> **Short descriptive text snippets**
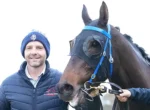 Smiling man in a blue quilted jacket and beanie standing next to a brown horse wearing a blue bridle and reins visible on its head.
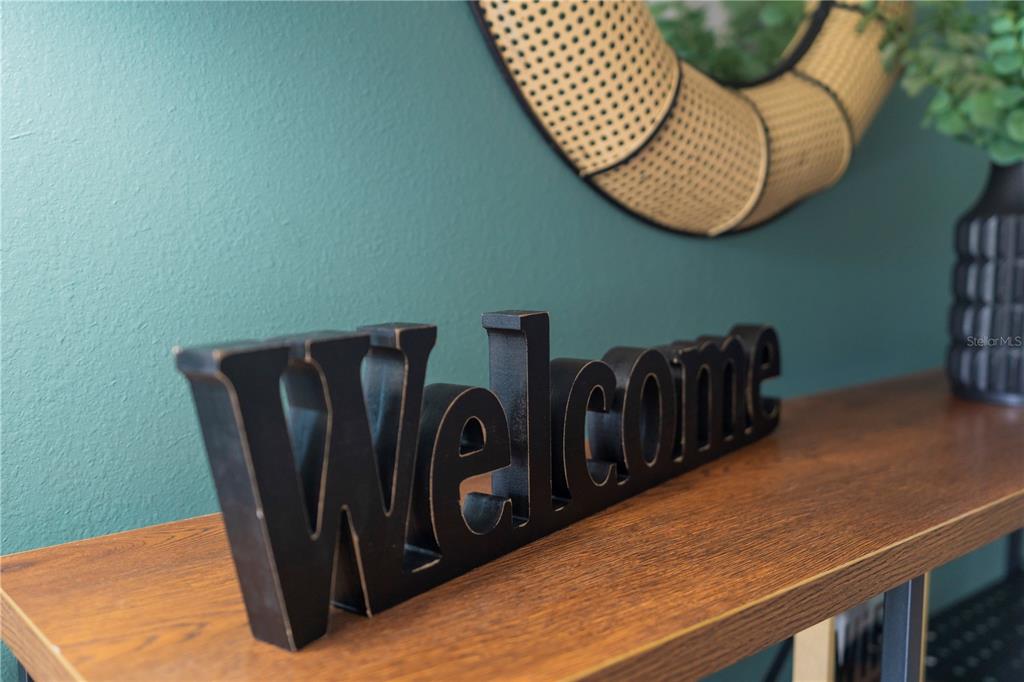 A black Welcome sign sits on a wooden console table against a teal wall — 8981 AMELIA DOWNS TRAIL, KISSIMMEE, FL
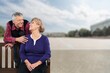 © BillionPhotos.com - Senior couple smiling and looking at each other on a park bench outdoors with copy space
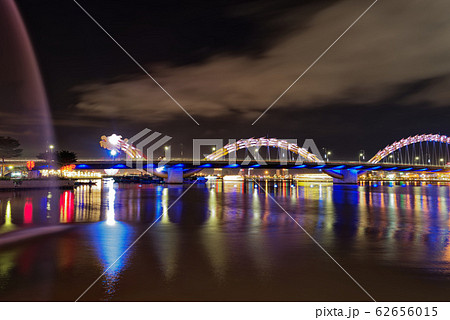 Illuminated Dragon bridge at night. Da Nang, Vietnam Illuminated Dragon bridge at night. Da Nang, Vietnam 62656015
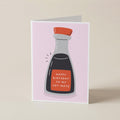 A folded greeting card standing upright on a light beige surface. The card features a minimalist illustration of a soy sauce bottle with a red cap and a red label that reads 'HAPPY BIRTHDAY TO MY SOY-MATE' in white text, set against a pale pink background.
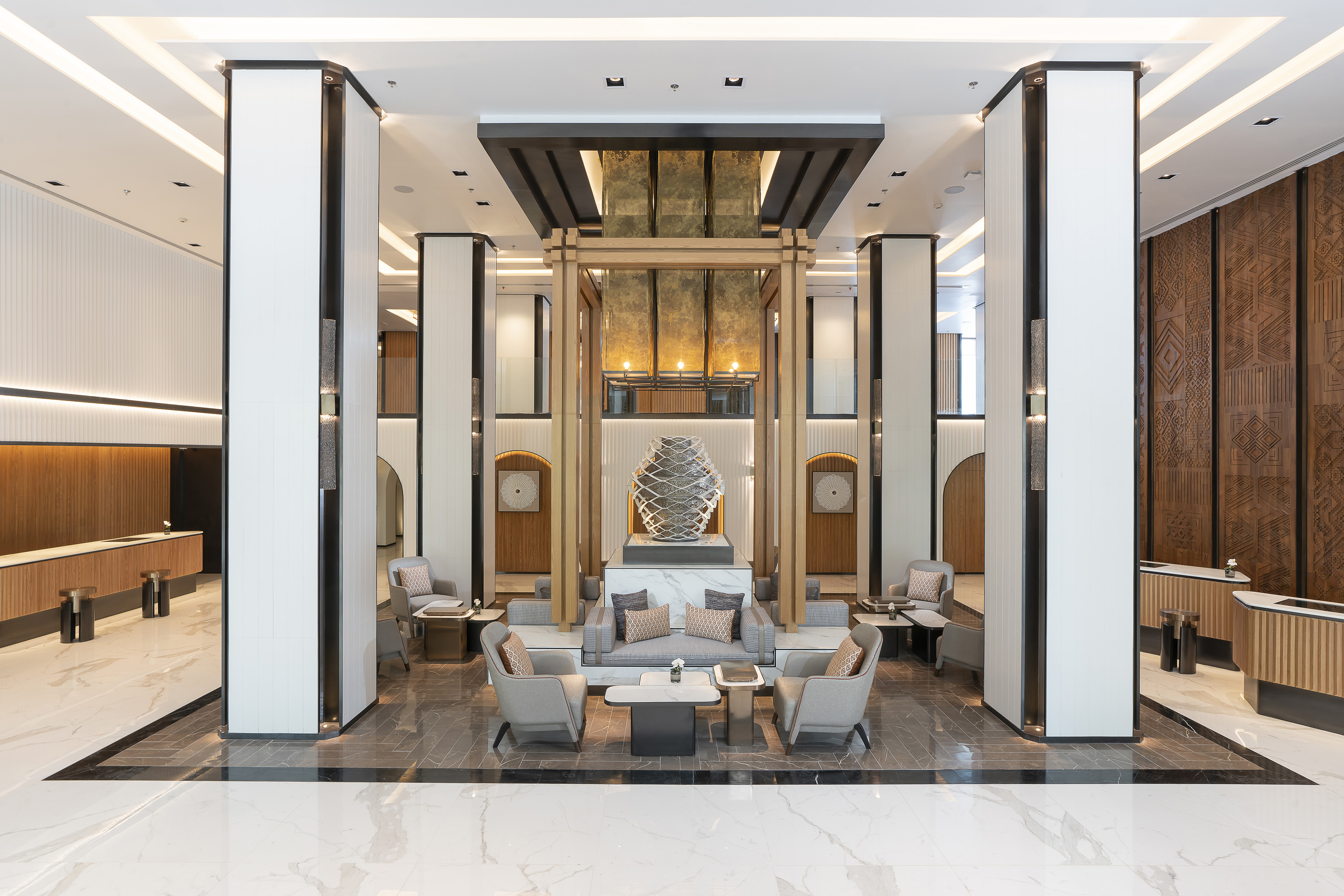 Luxury hotel lobby with modern seating, central art piece, and decorative wood panels.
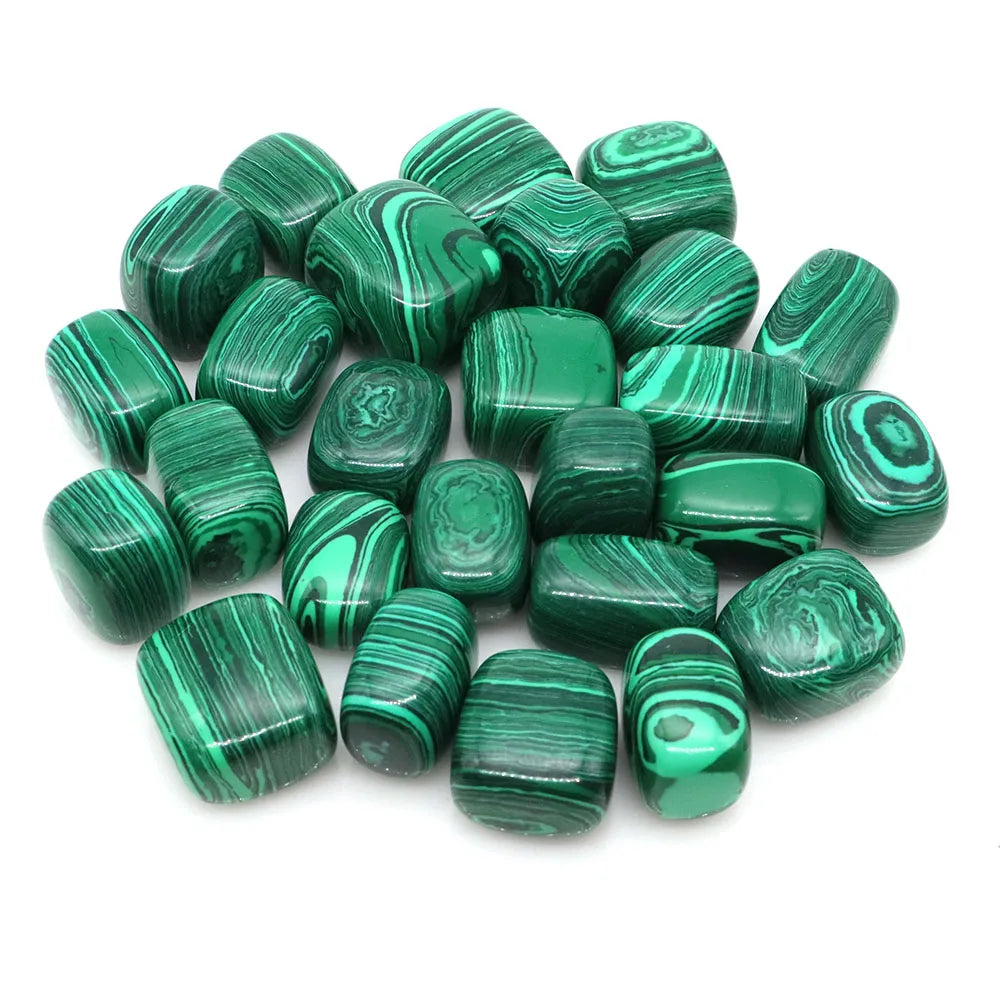 Green malachite stones on a white background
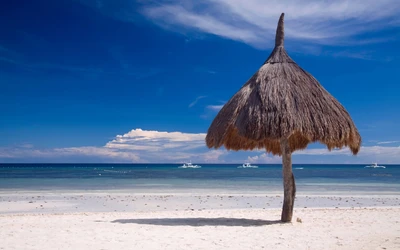 Idyllic Philippine Beach with Thatched Umbrella and Clear Blue Ocean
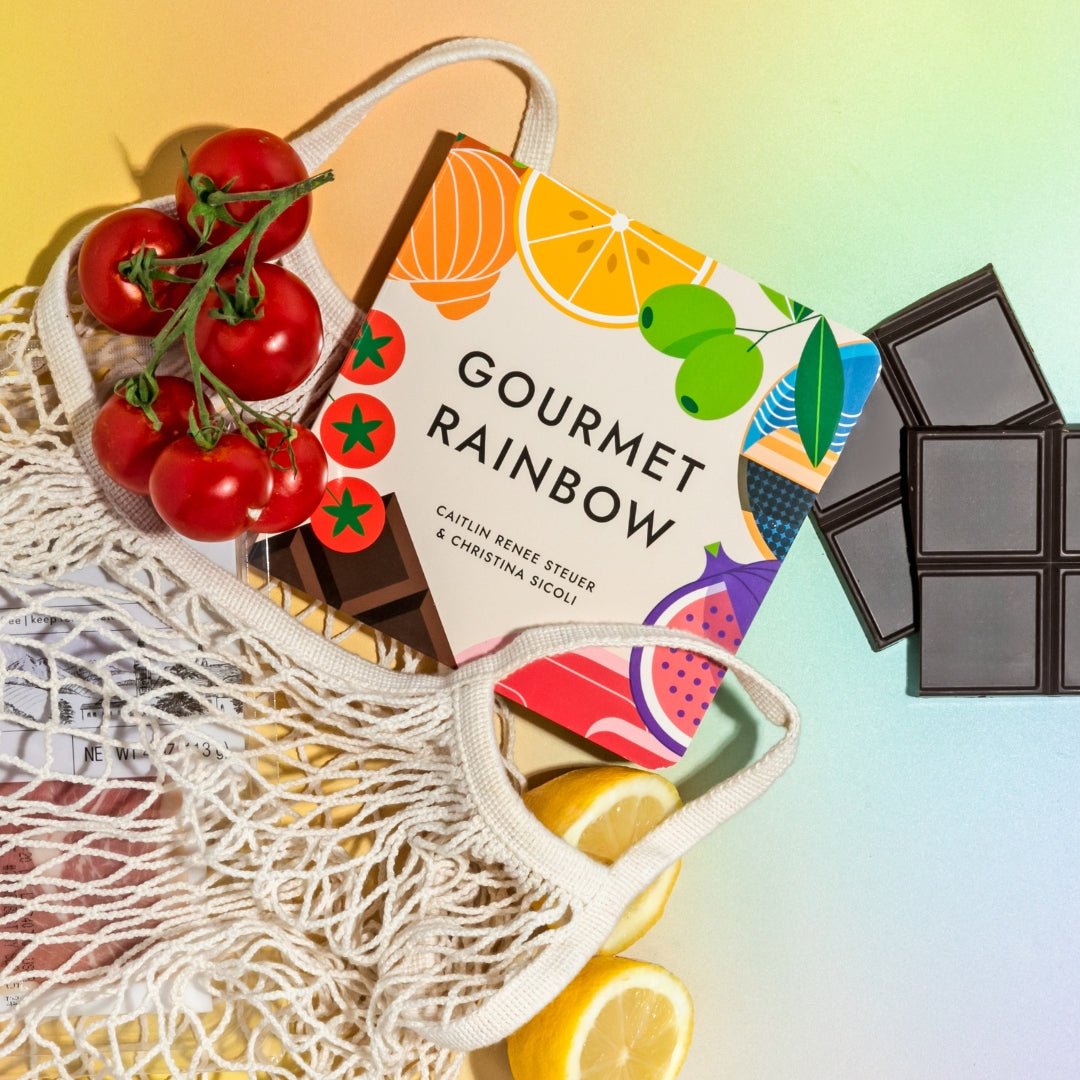 "Gourmet Rainbow" board book popping out of a grocery bag, surrounded by food items like tomatoes and chocolate on a rainbow gradient background. Chunky Deli product photo.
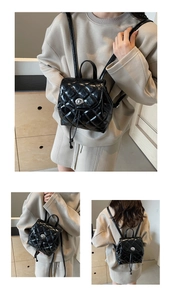 Détail d'un mini sac à dos noir matelassé avec fermoir rotatif argenté et élégant
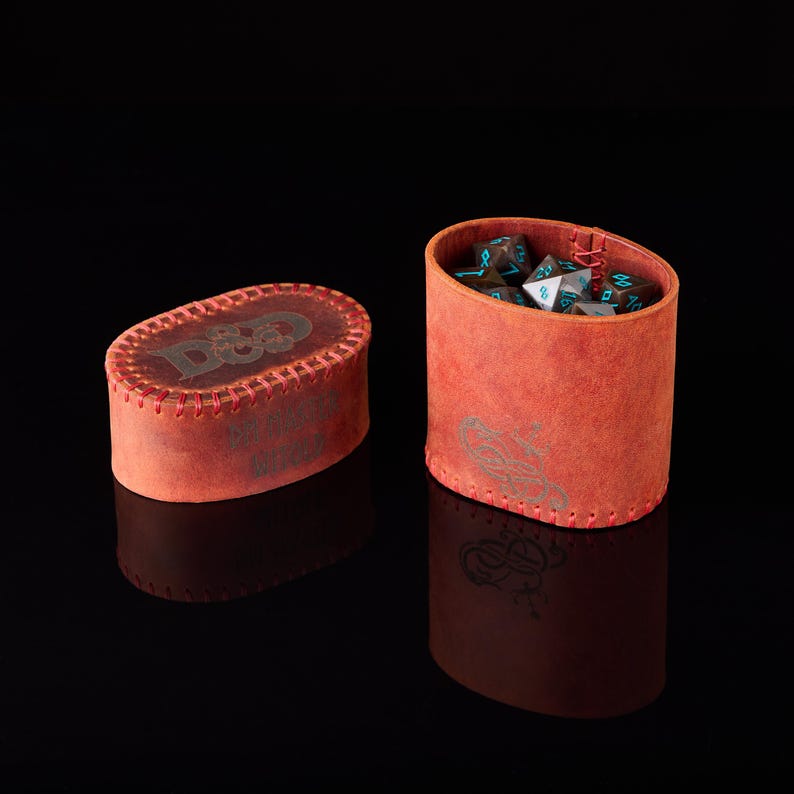 May include: An oval-shaped red leather dice container with a matching lid, featuring visible red stitching along the edges. The lid displays the D&D logo, while the side of the container shows a dragon emblem. Inside are several multi-sided dice.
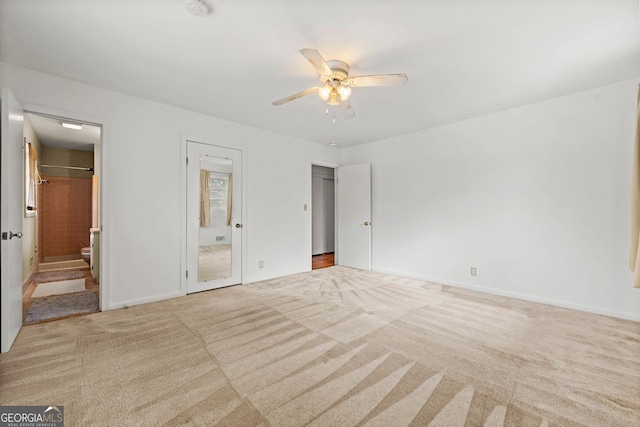 unfurnished bedroom with ceiling fan, light colored carpet, and ensuite bath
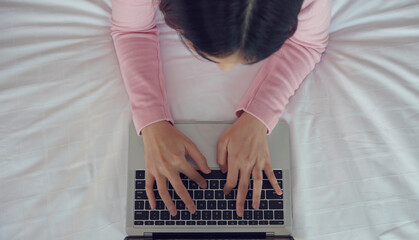 Hands of woman typing on laptop keyboard on bed.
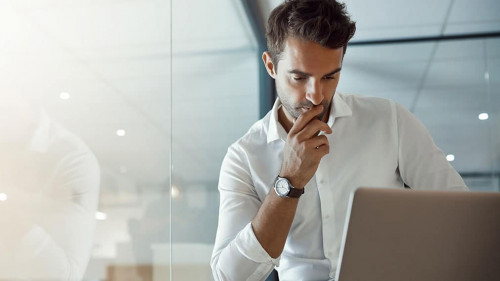 Carefully considering every option. Cropped shot of a handsome young businessman looking thoughtful while working on his laptop in the office.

> **WHAT THE EXERCISE ASKS**
Because the copy must hold no pictures, return only the lines that run from the line containing "Idyllic Philippine Beach" to the end of the data above, each exactly as it stands.

> **ANSWER AREA**
 Idyllic Philippine Beach with Thatched Umbrella and Clear Blue Ocean
 "Gourmet Rainbow" board book popping out of a grocery bag, surrounded by food items like tomatoes and chocolate on a rainbow gradient background. Chunky Deli product photo.
 Détail d'un mini sac à dos noir matelassé avec fermoir rotatif argenté et élégant
 May include: An oval-shaped red leather dice container with a matching lid, featuring visible red stitching along the edges. The lid displays the D&D logo, while the side of the container shows a dragon emblem. Inside are several multi-sided dice.
 unfurnished bedroom with ceiling fan, light colored carpet, and ensuite bath
 Hands of woman typing on laptop keyboard on bed.
 Carefully considering every option. Cropped shot of a handsome young businessman looking thoughtful while working on his laptop in the office.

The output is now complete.